Just two weeks ago, some politicians and prominent analysts in Turkey were criticizing the government in Ankara for damaging relations with the U.S. by not granting Washington the use of its territory as it prepared for a military offensive against Baghdad. Today, however, the country appears united in its opposition to the war, and the second-guessing appears to have faded.
Ankara, 31 March 2003 (RFE/RL) Pro-Iraqi chants such as the following are heard quite often these days on Ankara's main Ataturk Boulevard: "Allah Almighty! Allah Almighty! "Muslims of Iraq, your blood will not be wasted," and "Iraq is our soul, and our blood will not be wasted."

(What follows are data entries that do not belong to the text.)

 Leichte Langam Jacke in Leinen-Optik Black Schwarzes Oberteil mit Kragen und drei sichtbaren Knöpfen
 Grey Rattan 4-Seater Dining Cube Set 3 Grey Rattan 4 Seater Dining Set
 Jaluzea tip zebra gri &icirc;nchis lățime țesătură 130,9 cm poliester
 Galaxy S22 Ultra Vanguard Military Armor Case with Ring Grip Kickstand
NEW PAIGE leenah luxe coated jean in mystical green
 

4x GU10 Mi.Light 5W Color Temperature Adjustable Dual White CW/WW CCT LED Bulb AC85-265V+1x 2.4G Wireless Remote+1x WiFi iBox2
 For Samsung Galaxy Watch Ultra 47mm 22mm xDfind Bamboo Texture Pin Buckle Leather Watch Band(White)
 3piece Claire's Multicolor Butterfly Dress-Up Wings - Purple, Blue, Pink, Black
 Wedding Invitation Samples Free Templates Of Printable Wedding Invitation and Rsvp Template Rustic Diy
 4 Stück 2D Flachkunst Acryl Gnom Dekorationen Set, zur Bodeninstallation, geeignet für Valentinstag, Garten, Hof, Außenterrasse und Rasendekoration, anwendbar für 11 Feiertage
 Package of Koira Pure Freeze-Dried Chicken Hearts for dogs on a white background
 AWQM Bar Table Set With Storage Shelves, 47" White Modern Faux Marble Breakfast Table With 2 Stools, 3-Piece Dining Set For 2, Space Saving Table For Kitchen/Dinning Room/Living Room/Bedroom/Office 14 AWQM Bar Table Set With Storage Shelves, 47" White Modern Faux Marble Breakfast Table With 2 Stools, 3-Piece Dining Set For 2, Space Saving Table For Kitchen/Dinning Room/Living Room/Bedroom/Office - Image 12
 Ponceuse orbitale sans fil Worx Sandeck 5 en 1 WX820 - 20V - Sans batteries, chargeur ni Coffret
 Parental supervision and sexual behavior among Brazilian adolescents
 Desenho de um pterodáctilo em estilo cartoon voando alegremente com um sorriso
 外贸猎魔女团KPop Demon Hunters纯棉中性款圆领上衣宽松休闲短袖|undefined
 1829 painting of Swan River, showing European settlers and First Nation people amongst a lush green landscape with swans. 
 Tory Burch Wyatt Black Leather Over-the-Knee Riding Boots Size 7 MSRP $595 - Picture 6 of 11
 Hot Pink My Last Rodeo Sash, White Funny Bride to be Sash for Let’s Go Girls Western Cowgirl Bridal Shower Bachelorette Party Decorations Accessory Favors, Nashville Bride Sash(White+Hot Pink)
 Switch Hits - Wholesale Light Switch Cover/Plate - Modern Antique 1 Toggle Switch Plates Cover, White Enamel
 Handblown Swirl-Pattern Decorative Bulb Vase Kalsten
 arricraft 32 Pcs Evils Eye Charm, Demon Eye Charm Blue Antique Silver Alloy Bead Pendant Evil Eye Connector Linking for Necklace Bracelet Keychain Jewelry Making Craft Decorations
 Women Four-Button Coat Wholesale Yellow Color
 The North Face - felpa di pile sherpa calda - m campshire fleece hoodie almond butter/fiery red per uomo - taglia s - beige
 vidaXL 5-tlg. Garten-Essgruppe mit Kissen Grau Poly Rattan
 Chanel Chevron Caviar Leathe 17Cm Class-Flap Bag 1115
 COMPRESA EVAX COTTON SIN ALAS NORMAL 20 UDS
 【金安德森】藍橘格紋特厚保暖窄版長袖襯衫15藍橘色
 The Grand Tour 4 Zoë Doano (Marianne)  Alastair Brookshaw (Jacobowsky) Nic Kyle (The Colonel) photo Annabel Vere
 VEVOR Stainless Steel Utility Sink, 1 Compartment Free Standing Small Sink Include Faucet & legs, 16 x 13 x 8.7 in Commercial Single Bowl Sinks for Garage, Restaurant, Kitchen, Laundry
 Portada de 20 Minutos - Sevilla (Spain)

Ataturk Boulevard is the preferred location for antiwar protests in the Turkish capital. Most of the city's prominent government buildings, including the prime minister's office and the Turkish parliament, are located there, as are the offices of the country's largest television stations and newspapers.
Early this month, lawmakers in the Turkish parliament failed to endorse a motion that would have allowed the deployment of some 62,000 U.S. troops on Turkish soil in exchange for some $30 billion in compensation by Washington.
On 20 March, the Turkish parliament did approve a government motion allowing Washington to use Turkish airspace for military attacks against neighboring Iraq. The motion also included support for the deployment of Turkish troops into Iraq's mainly Kurdish northern areas. Ankara maintains any such movements would be purely for humanitarian or defensive reasons.
Both Washington and Britain, however, strongly object to such a deployment for fear of renewing tensions with local fighters.
Many Turks now view Washington's opposition to such troops deployments as punishment for the Turkish parliament's refusal to allow the deployment of U.S. troops on Turkish soil. That decision has complicated the U.S.-led invasion of Iraq by denying the coalition a northern front.
Cemil Cicek, Turkey's justice minister and the government's main spokesman, said the Turkish parliament's vote reflected what the majority of the electorate wanted from their representatives. Cicek said that if the U.S. sincerely stands for democracy and human rights, Turkey's decision should be respected and not used as an excuse for revenge. "The Mejlis [parliament] is very important to us. Our Mejlis is as important to us as the [U.S.] Congress is to you!" Cicek said.
Havva Kok is a former political adviser to the government and a professor of international relations at Mersin University in southern Turkey. She said the current crisis in U.S.-Turkish relations illustrates the hypocrisy behind American claims that it wants to bring democracy and human rights to Iraq through the current war.
"America wants democracy that serves only its interests, and it wants dictatorships which do the same. So far, the U.S. has not been complaining about the Saudi dictatorship because it serves American interests. Up until now, it was happy with Turkish democracy, since it was serving American interests. But at this very moment, the U.S. is not happy with Turkish democracy because it is not serving American interests. This is nothing but duplicity," Kok told RFE/RL.
Turkish politicians and commentators are in the midst of a debate about who is most to blame for the poor state of relations between the U.S. and Turkey. The majority of analysts in Turkey point to Washington, as did Cicek in his latest statement. "Naturally, it is impossible to say that our relations with America are better than a month ago. But if the relations went wrong, what is [Turkey's] fault?! Turkey sincerely didn't want to come to the current point. But others shouldn't blame Turkey for their own miscalculations. It is unfair," Cicek said.
Cicek said the U.S. miscalculated the degree of antiwar sentiment among the Turkish public and the role of public opinion in Turkish democracy, just as U.S. military planners underestimated the level of resistance by Iraqis in the war. He said Ankara is doing its best to end the current cold war with Washington but that it takes effort by both sides.
Professor Kok also believes that if anyone is responsible for the current crisis in U.S.-Turkish relations, it is Washington. But she notes that Turkey has a new government inexperienced in the ways of foreign affairs, and that it didn't send the right messages to Washington.
"Turkey's government was a very new one, and that's why it couldn't make it clear what it might give and what it might not. Had the government said from the beginning [to the U.S.] that 'We can't give you this and that, but we can give you this and that,' then the Americans would not have been under much illusion. But the final [outcome] is a very right and very optimal one," Kok said.
Kok said U.S.-Turkish relations are not quite as bad as they appear. She believes there are positive lessons for Turkey to learn from the current crisis.
"In terms of the economy, the main thing is that Turkey should look at its own resources and learn how to make the best use of them. It's the same with security. Now, Turkey will have to improve relations with its neighbors and seek to establish -- together with its neighbors -- a peaceful regional policy. It cannot achieve its security solely by looking at the U.S. and the West," Kok said.
However, Kok acknowledged that Turkey's neighbors -- such as Syria and Iran -- will not easily regain their trust in Turkey. But she believes that Turkey's stand on Iraq may serve as a fruitful beginning for a new era in regional politics in the Middle East.